Il primo brano, First Regret, parte in sordina con qualche campione, per poi lasciare spazio ad una semplice composizione pianistica audacemente filtrata, con tanto di percussioni elettroniche in sfondo, una cosa non nuova per Wilson, ma che non è certo tra le sue più frequenti. Con 3 Years Older si inizia a muovere le acque. Uno struggente intro di Mellotron Strings è interrotto bruscamente da un riff simil-Rush in metro alternato. Si nota subito la conferma delle devastanti doti di ogni singolo membro della band, giacché si susseguono le peripezie di Marco Minnemann alla batteria, un assolo di basso di Nick Beggs e uno di chitarra di Guthrie Govan. I toni poi si spengono e rimangono solo chitarra acustica e basso. La voce di Wilson debutta, più asciutta ed acuta dello standard, su linee di sessantiana memoria. Dopo un paio di ritornelli rientra l'estro della band al completo, e ben presto anche Adam Holzman ha modo di esibirsi in un ricco assolo di piano. Il riff viene ripreso più volte con vene via via differenti, dall'inquietante al roseo, con qualche breakdown ed assolo aggiuntivo. Sicuramente un buon parco giochi per qualche jam live, ma che per la verità su disco sa forse un po' di tirato per le lunghe.

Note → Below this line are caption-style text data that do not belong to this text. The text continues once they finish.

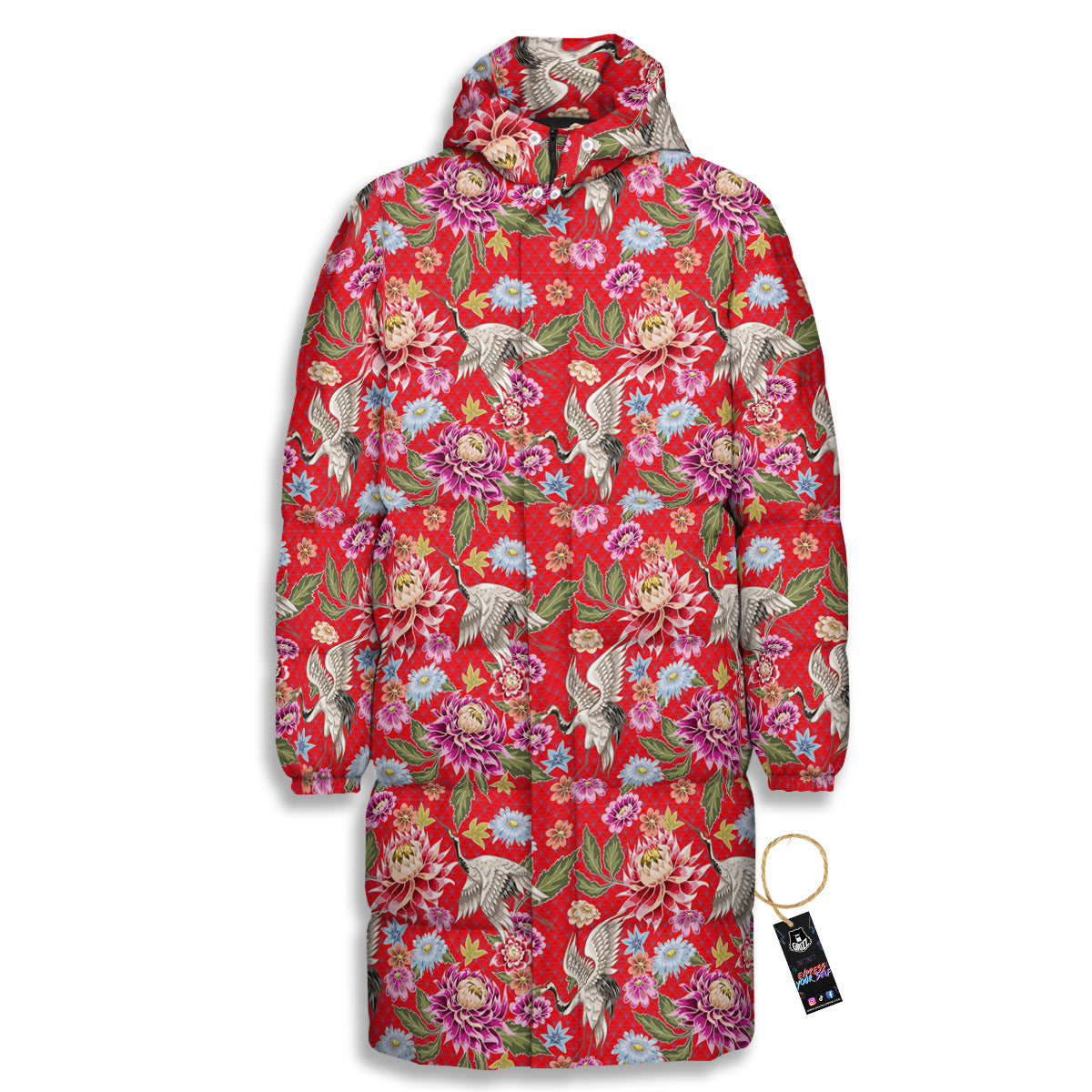 Chrysanthemum Art Print Pattern Long Down Jacket-grizzshop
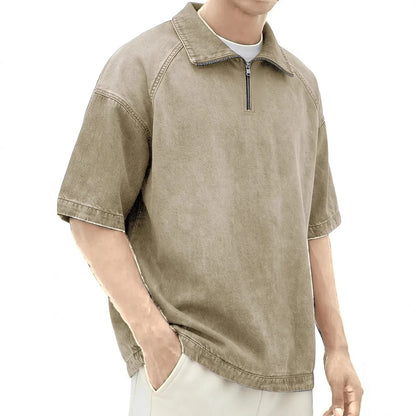 DENTON - CAMISA DE DENIM CON CREMALLERA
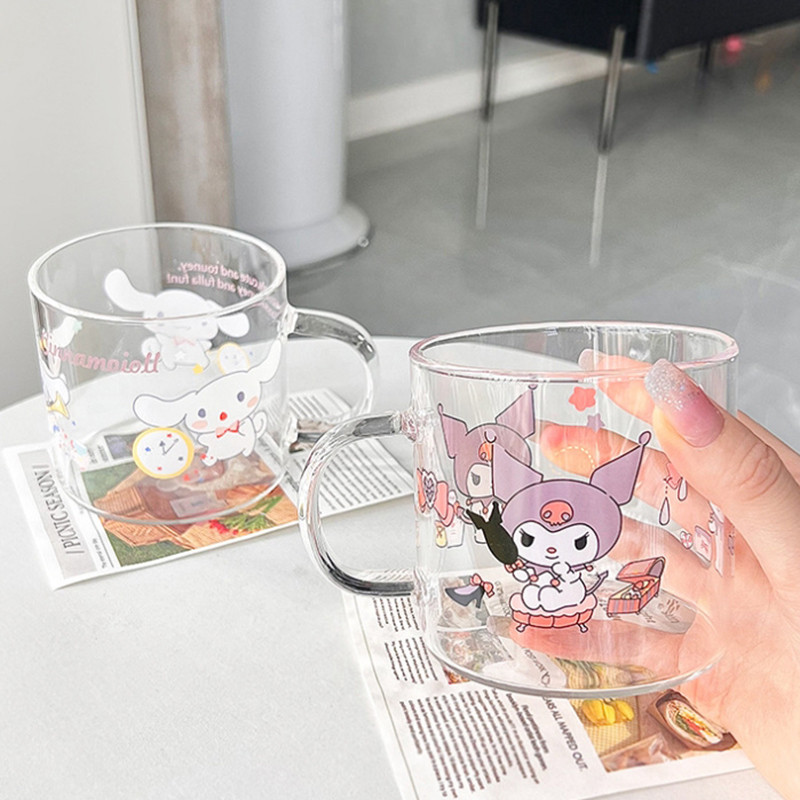 

1pcs Sanrio Kawaii Pochacco Cup Kuromi My Melody Cinnamoroll Student Breakfast Milk Juice Coffee Glass Water Cup Handle Cup Gift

Segue la titletrack, Hand. Cannot. Erase, forse il brano più pop della carriera di Wilson dai tempi di Stupid Dream, tralasciando qualche prodezza coi Blackfield. Linea vocale forte e orecchiabile, testo deliberatamente sentimentale, ma attenzione, brano in tempo dispari nemmeno dei più comuni, schitarrate inaspettate e qualche parvenza di assolo di basso. Un brano sicuramente piacevole, apparentemente semplice, perfetto per un singolo intelligente e gradevole, abbordabile, al tempo stesso. Perfect Life, già rilasciata in un video musicale settimane prima dell'uscita dell'album, presenta fin da subito sonorità pressoché inedite per la carriera di Wilson (il che è tutto dire). Suoni triphoppeggianti atmosferici uniti a percussioni industriali e una narrazione ad opera di una voce femminile. Il brano ci riporta a tempi fantastici e ricchi di nostalgia, a livello del concept. Si inizia a delineare meglio la storia raccontata nell'album. Ben presto Wilson inizia a cantare una melodi eterea, incastonandola in un crescendo a livello di saturazione dell'arrangiamento che lascia poche speranze di non rimanere profondamente emozionati, con bassi potenti, accordi strappalacrime e visioni del paradiso. Con un momento di spotlight per lo stick il brano si spegne lentamente per poi concludersi del tutto.


Routine torna alle durate estese del secondo brano, iniziando ancora con una voce asciutta ed acuta, accompagnata dal pianoforte di Holzman. Dopo un momento di memoria post-rock, subentra per la prima volta Ninet Tayeb, cantante israeliana assoldata da Wilson per qualche performance sul suo quarto album solista. Inedito è l'intreccio tra la sua voce e quella di Wilson, in una delle tipiche fasi di lallazione talvolta inserite da Wilson nei suoi album. In modo del tutto inaspettato fa la sua comparsa anche una voce bianca, ma la sua apparizione è fugace e lascia spazio ad un arpeggio di chitarra acustica inquietante, che si arricchisce presto di ulteriore strumentazione per poi lasciare spazio ad un assolo di basso e poi di chitarra. Torna il piano con Ninet, che canta la noia della routine tipica femminile. Ben presto l'atmosfera esplode e la cantante può librarsi su inedite vette, prima che tutto ricada in un arpeggio elettrico che accompagna ancora la voce di Wilson fino al termine del brano. A conti fatti è questo il primo brano abbastanza tipicamente wilsoniano.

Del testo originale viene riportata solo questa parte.